So Apple’s future is software

It sounds irrational to predict that the Cupertino technology giant that conquered the world with slick, Jony Ive-designed hardware will ever pivot to software, but that is exactly what Apple must do. Mobile devices housed in glass and aluminum frames are becoming, well, basic glass rectangles, and the nuances of an Apple iPhone vs. Samsung Galaxy vs. Sony Xperia vs. HTC One M9 are merging fast. The real differentiator of the future will be the images and sounds emerging from transparent panes.

Apple still has some hardware upside, but it is closing fast. In 2016, global smartphone sales were $428 billion, and by this year one-third of the world population now owns at least one mobile phone. Apple and others can push farther into the human population, and entice us all with biannual upgrades. And it’s trying with ever-fancier iPhone shapes.
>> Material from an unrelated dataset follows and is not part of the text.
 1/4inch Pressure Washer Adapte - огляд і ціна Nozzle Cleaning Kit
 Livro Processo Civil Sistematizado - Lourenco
There are rumors that Apple is building slicker augmented reality visuals into its future iPhones … or that iPhones may have wrap-around glass screens, eventually turning the entire device into a glowing orb that could be translucent, invisible (imagine the front-facing camera making the back of the glass phone “disappear”), or a portal into a 3D immersive world. But these visual tricks are already being tested by other brands’ hardware, such as the Nintendo 3DS which uses eye tracking to project a stereoscopic vision.

Eventually, all these gadgety panes of glass will become like windows in your wall — something that you expect to use, but that you don’t really value much at all. The shape of the portals into the new virtual worlds will start to become less valued, and the software powering those new digital images will be all that matters. We are on the verge of a multibillion-dollar mobile hardware industry collapsing as technology advances to the point where digital screens become as common as pieces of white office paper.

All of which is why Apple is testing silly iPhone apps like Clips.

See more of our point of view on this trend in this edition of Digiday.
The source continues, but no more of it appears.